FIGS. 2A and 2B show a typical offset fed electric microstrip dipole antenna of the present invention. The element can be fed on either edge along the length of the element. If the element width (i.e., B dimension) is less than one-half the element length (i.e., A dimension), the antenna will oscillate in only one resonant mode. For this mode of oscillation, the field is sinusoidal along the length and constant along the width, thereby giving a linear polarization field along the length of the element. If the element width is greater than one-half the element length but less than the element length, the antenna will oscillate in both a resonant mode along the length and also a non-resonant mode along the width. If the width is less than the length, the amount of signal coupled to the non-resonant mode is minimal due to (1) the incoming signal being out of phase with the oscillating signal, therefore having destructive interference between the oscillating signal and the incoming signal; and (2) the mismatch between the signal source and the input impedance to the non-resonant mode. Most of the energy is coupled into the resonant mode, since at resonance the incoming signal is in phase with the oscillating signal and the source resistance is matched to the resonant mode. An optimum match is obtained for the resonant mode by varying the location of the feed point along the edge.
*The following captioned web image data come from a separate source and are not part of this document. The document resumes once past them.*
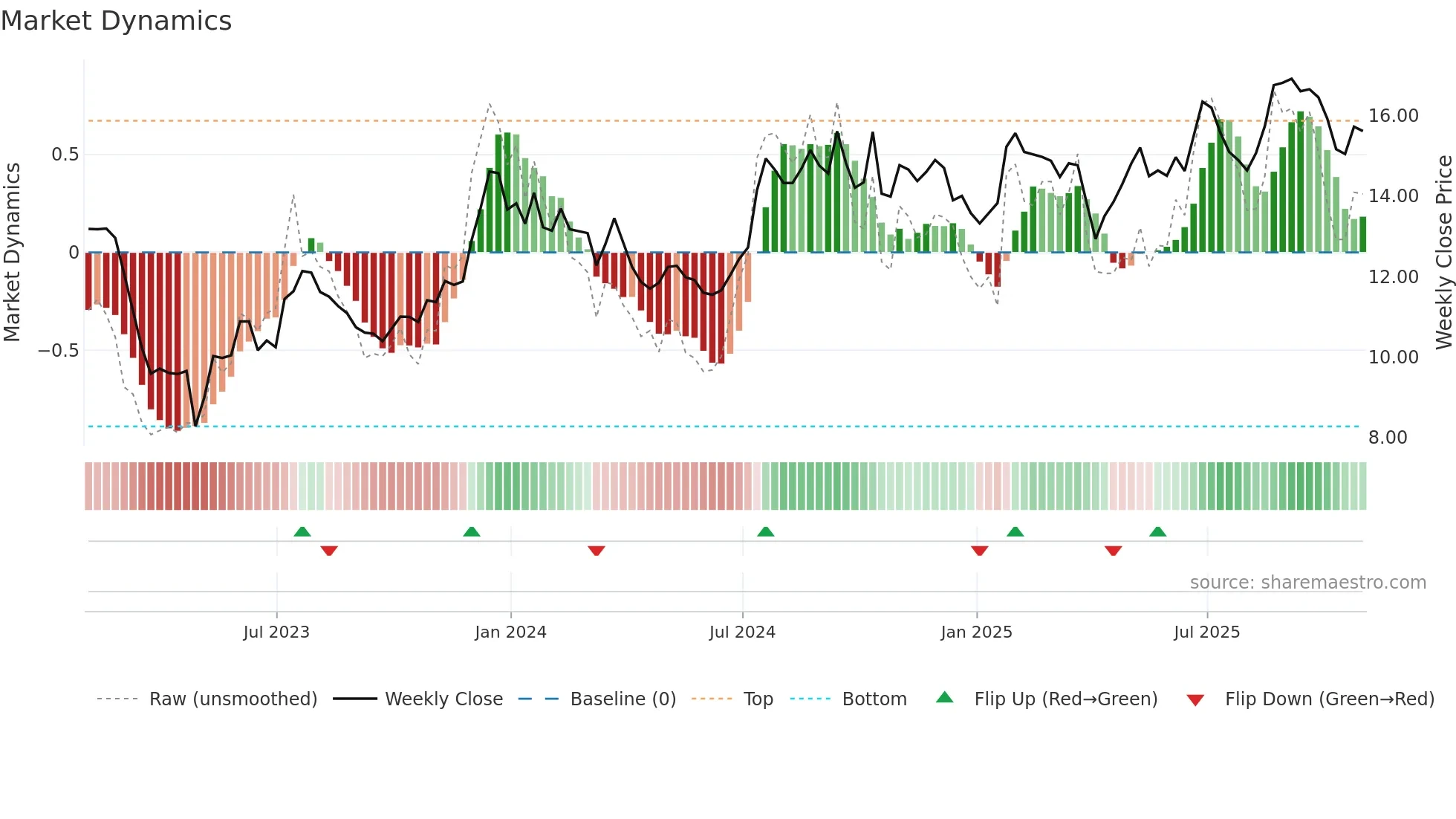 FRBA weekly Market Dynamics chart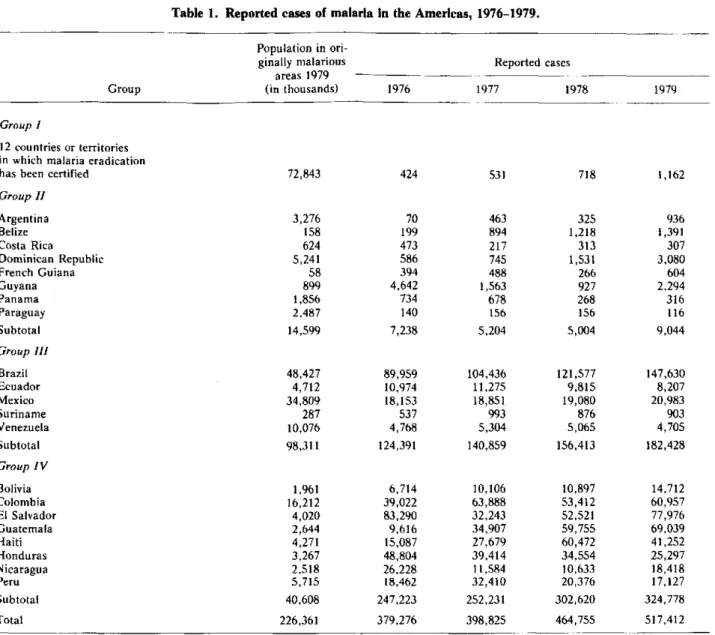Table  1.  Reported  cases  of  malaria  in  the Americas,  1976-1979.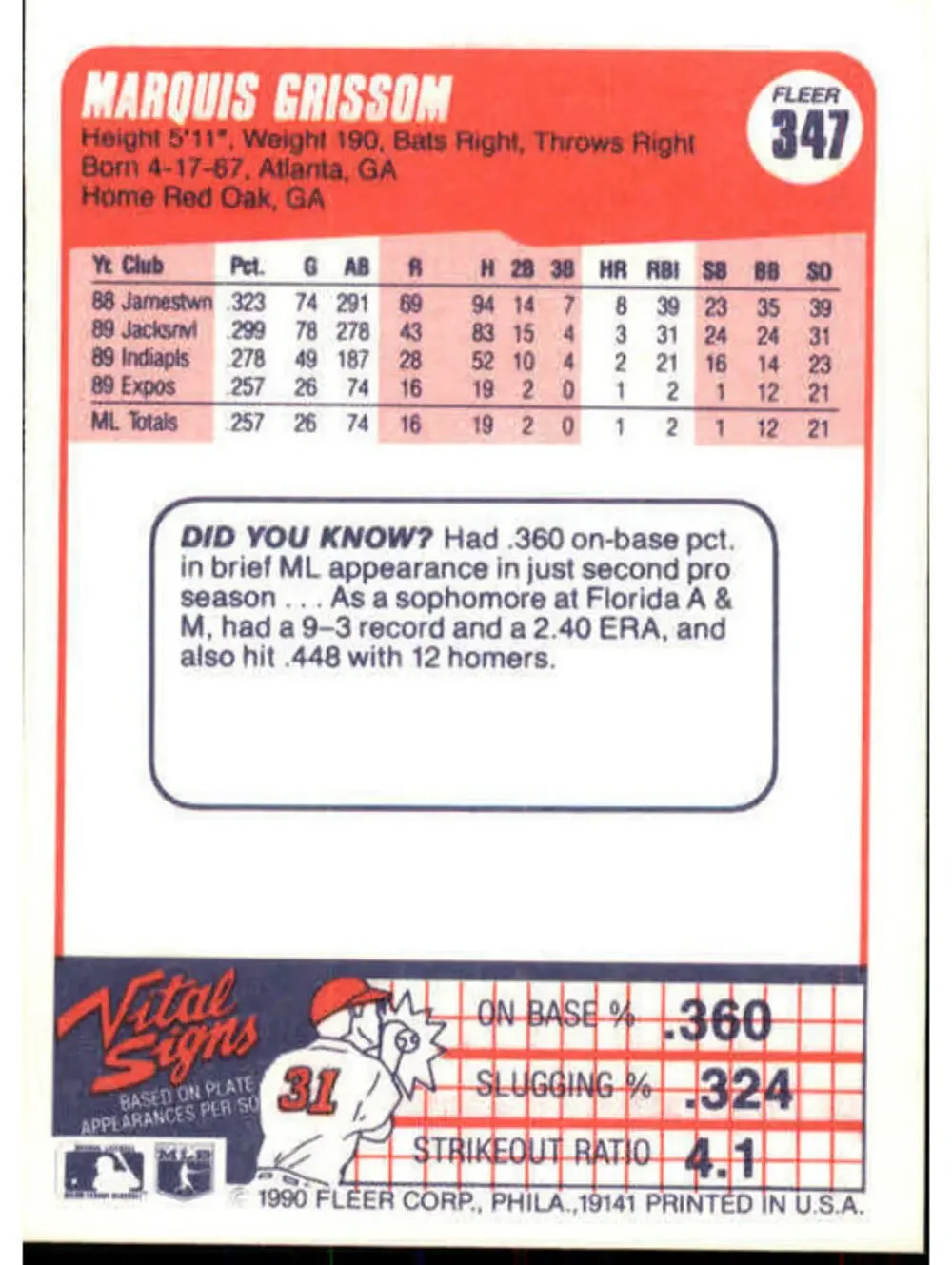 1990 Marquis Grissom Fleer Baseball Card #347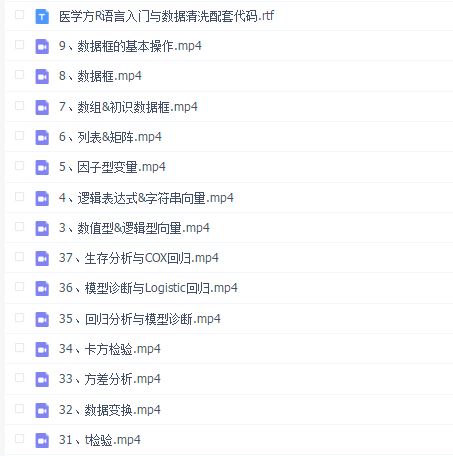 医学R语言快速入门与数据清洗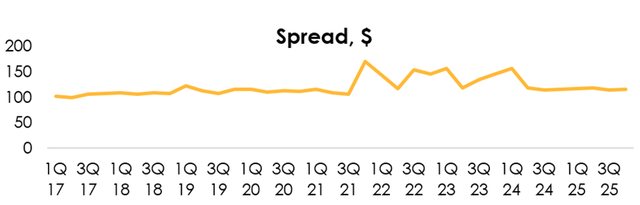 Financial model data spread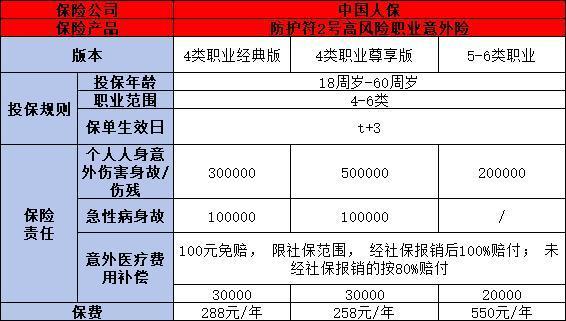 高空作業(yè)保險怎么買合適？適合高空作業(yè)人員的保險產(chǎn)品有哪些？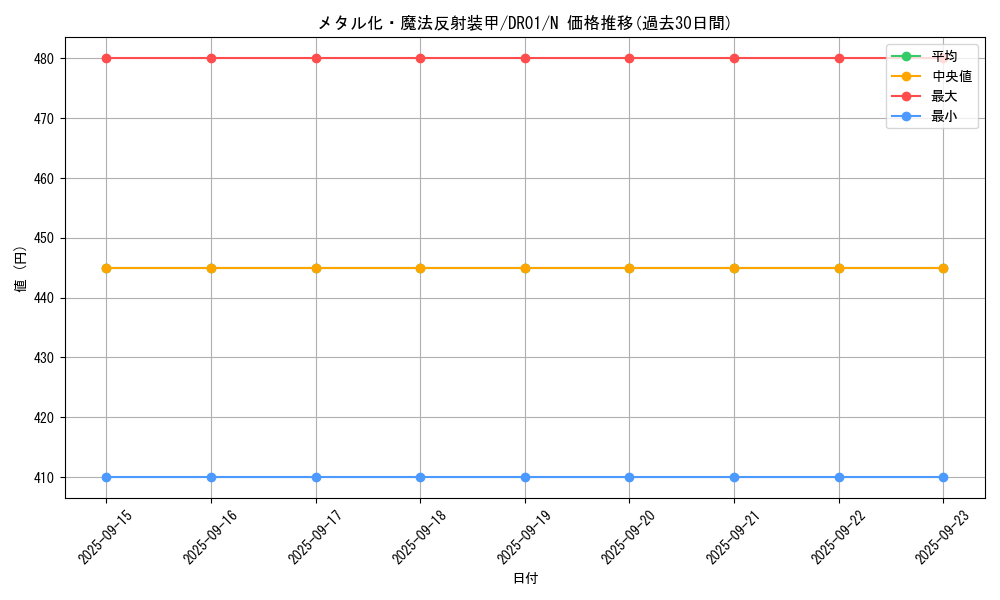 card_12971_series_16754_rarity_1_graph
FIG. 3 shows a plot of return loss versus frequency, which is an indication of the match for the antenna configuration shown in FIGS. 2A and 2B.
FIGS. 4A and 4B show an antenna configuration somewhat similar to that shown in FIGS. 2A and 2B. In the case of the antenna of FIGS. 4A and 4B, one of the ends is slanted such that one side along the length is shorter than the other.
The slanted end gives a wider bandwidth and this is shown in the return loss versus frequency plot of FIG. 5. FIGS. 6 and 7 show radiation plots for the XZ-Plane (H-plane) and the XY-Plane (E-plane), respectively, for the antenna configuration of FIGS. 4A and 4B. The radiation plots for the antenna configuration of FIGS. 2A and 2B are very similar to those, of FIG. 4, and therefore are not shown. Cross-polarization radiations due to the non-resonant mode of oscillation is more than 18 db below the radiation due to the resonant mode, and therefore are not shown. The resultant electric field due to the dual mode of oscillation tends to rotate away from the axis along the length. However, for the configurations shown in FIGS. 2A and 2B and FIGS. 4A and 4B, the rotation is very slight. The dual mode of oscillation is not detrimental as far as the performance of the antenna is concerned. If a higher degree of linear polarization is desired, the B dimension should be less than one-half the A dimension.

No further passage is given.